The clause had been heralded by the bill’s supporters as a safeguard that made it the strictest such legislation in the world.
But the Ministry of Justice and senior judges raised concerns about the impact on the courts.
Labour MP Kim Leadbeater, who is bringing the bill, suggested replacing the role of High Court judges with a three-person panel featuring a senior legal figure, a psychiatrist and a social worker to review applications.
The committee is expected to insert those details at a later stage.
After the bill committee voted 15 to seven in favour of dropping the High Court judge’s role, Leadbeater said the change would make the law “even more robust”.
“And it is much safer than the current ban on assisted dying, which leaves terminally ill people and their families without any such protections at all,” she said.
“I have been encouraged that in the course of this debate there have been positive responses to the proposal for a commissioner and a multi-disciplinary panel from colleagues across the committee, regardless of how they voted at [its] second reading.
“That tells me that whatever our views on the Bill itself, there is a shared commitment to getting protections for terminally ill adults right. That means we are doing our job.”

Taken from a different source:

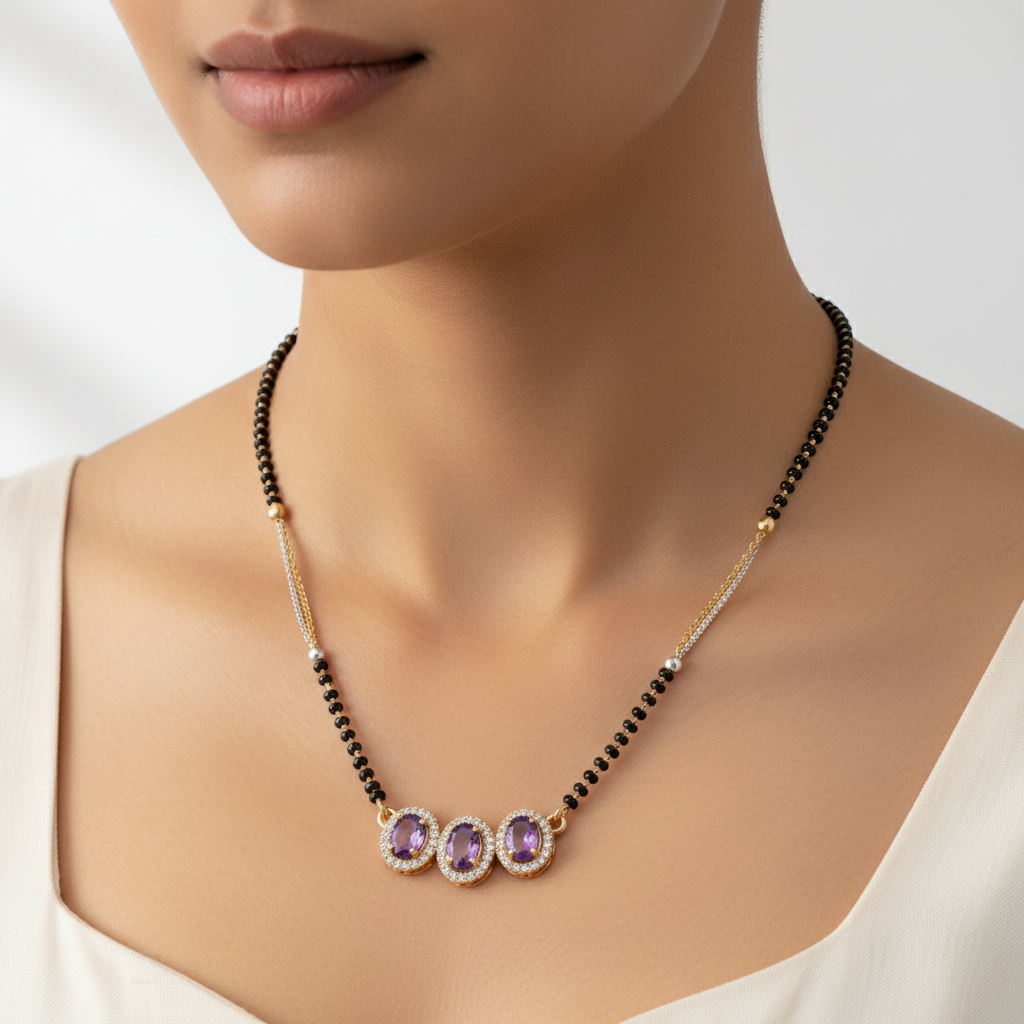 Royal Triple Amethyst Stone Mangalsutra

However a group of 26 of her fellow Labour MPs warned that scrapping the High Court’s oversight “breaks the promises made by proponents of the bill, fundamentally weakens the protections for the vulnerable and shows just how haphazard this whole process has become”.
In a statement, the group – made up almost entirely of MPs who voted against the bill at second reading – said: “It does not increase judicial safeguards but instead creates an unaccountable quango and to claim otherwise misrepresents what is being proposed.”